Le petit village tessinois a perdu son aura de destination de vacances depuis bien longtemps. Il est avant tout un lieu de passage. S’y arrêtent les randonneurs en été, les militaires, les hommes d’affaires. Et les ouvriers engagés sur les chantiers alpins.

LE MÉMORIAL AUX OUVRIERS DÉCÉDÉS PENDANT LE PERCEMENT

Les versants escarpés du massif du Gothard attirent les motards, les cyclistes et les touristes ébahis par des panoramas à perte de vue. Il offre aussi aux âmes solitaires l'assurance d'une vie paisible. Au fond des vallées, pas tout le monde redoute d'être oublié du reste du monde. Enfant de la montagne, Franz Senn se réjouit de voir retomber le calme sur les vallées où il a passé sa vie.
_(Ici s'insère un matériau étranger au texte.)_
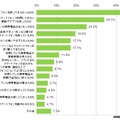 スマートフォンを所有したきっかけ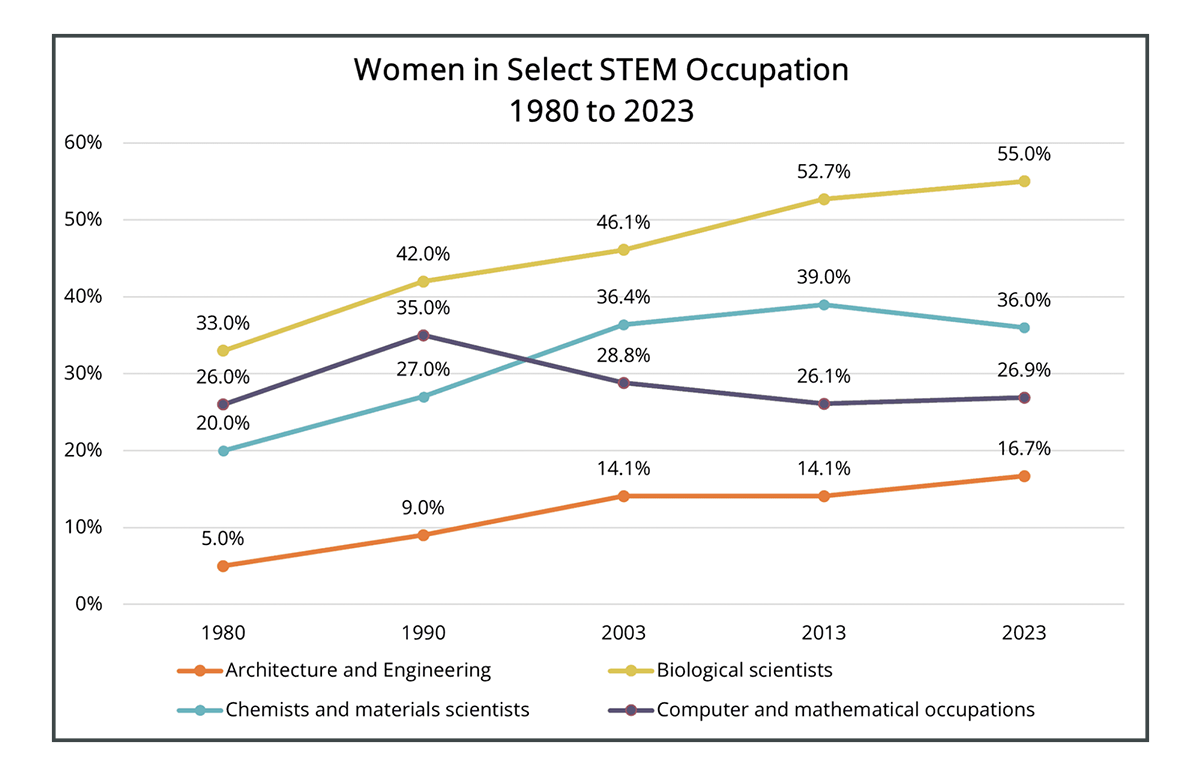 Women in Select STEM Occupations 1980 to 2023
Le retraité quadrille le village sur son VTT, ses jumelles dans la poche. Sur la montagne, il traque les bouquetins, mais surtout les cristaux. Le quartz noir peut se vendre jusqu'à 2000 francs le kilo. Il gagne aussi sa vie en guidant les touristes sur les chemins escarpés. Le montagnard est convaincu que l'aura mystique du Gothard continuera d'attirer les visiteurs. «Ceux qui veulent vraiment traverser les Alpes le font», dit-il.